**Exercise goal:**
Take the entries that follow and return exactly the lines from the one holding "this 1200×676 image." through the one holding "this 350×262 image.", both included. Nothing else is needed.

**Dataset excerpts:**
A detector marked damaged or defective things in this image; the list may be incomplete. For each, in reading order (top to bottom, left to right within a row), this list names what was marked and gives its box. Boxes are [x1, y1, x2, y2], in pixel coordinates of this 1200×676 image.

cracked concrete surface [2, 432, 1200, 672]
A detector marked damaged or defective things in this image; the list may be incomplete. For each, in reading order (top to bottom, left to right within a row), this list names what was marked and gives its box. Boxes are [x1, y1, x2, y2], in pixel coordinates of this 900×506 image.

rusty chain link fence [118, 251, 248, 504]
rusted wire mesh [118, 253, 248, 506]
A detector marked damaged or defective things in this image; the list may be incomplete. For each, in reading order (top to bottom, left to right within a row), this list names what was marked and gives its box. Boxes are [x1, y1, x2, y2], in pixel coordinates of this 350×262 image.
==
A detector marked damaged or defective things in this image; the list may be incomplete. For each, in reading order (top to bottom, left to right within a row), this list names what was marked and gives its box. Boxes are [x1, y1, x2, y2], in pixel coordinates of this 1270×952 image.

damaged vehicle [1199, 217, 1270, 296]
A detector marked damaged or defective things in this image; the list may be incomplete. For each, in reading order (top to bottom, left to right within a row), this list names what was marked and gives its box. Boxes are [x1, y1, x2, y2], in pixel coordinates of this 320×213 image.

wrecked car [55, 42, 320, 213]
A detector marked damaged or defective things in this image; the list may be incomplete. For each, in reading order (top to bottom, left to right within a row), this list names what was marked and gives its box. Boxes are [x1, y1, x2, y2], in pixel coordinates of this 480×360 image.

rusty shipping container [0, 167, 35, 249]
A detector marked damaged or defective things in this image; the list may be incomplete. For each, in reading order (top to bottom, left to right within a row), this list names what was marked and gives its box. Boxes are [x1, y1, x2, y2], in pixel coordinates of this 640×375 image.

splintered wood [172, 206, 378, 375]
---
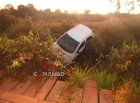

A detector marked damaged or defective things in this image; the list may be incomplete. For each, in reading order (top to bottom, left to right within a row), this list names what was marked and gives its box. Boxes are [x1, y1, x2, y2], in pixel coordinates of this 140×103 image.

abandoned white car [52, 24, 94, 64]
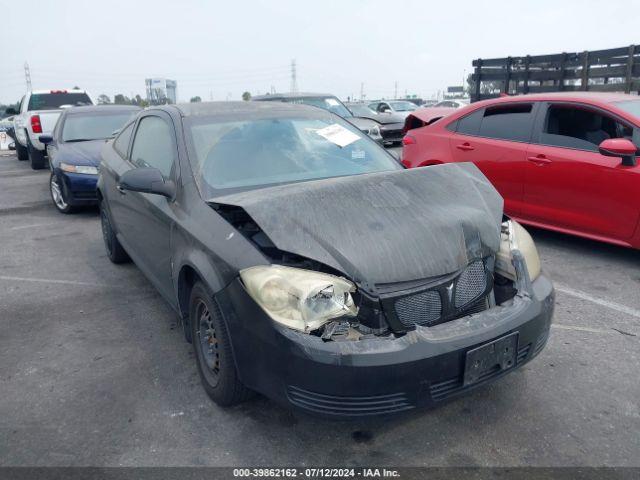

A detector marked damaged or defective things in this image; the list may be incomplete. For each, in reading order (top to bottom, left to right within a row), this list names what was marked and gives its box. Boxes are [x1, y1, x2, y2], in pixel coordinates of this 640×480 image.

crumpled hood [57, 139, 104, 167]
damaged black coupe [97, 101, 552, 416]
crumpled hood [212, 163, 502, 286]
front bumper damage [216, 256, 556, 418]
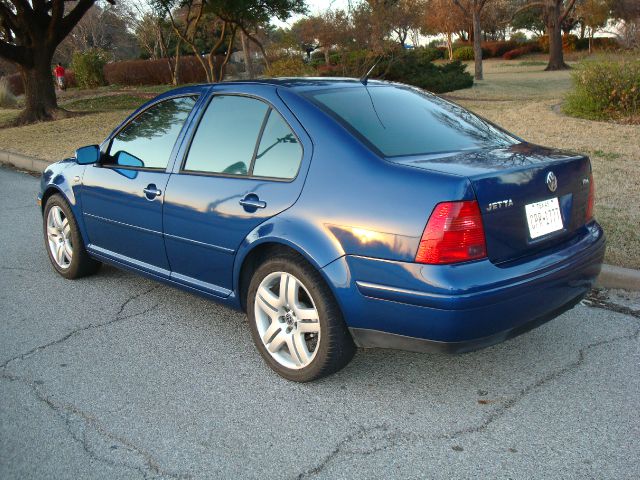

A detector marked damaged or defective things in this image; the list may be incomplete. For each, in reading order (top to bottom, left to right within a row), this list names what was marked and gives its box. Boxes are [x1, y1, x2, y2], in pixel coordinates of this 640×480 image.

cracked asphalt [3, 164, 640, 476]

**Exercise solution:**
A detector marked damaged or defective things in this image; the list may be incomplete. For each, in reading order (top to bottom, left to right within a row), this list names what was marked and gives its box. Boxes are [x1, y1, x2, y2], in pixel coordinates of this 1200×676 image.

cracked concrete surface [2, 432, 1200, 672]
A detector marked damaged or defective things in this image; the list may be incomplete. For each, in reading order (top to bottom, left to right within a row), this list names what was marked and gives its box. Boxes are [x1, y1, x2, y2], in pixel coordinates of this 900×506 image.

rusty chain link fence [118, 251, 248, 504]
rusted wire mesh [118, 253, 248, 506]
A detector marked damaged or defective things in this image; the list may be incomplete. For each, in reading order (top to bottom, left to right within a row), this list names what was marked and gives its box. Boxes are [x1, y1, x2, y2], in pixel coordinates of this 350×262 image.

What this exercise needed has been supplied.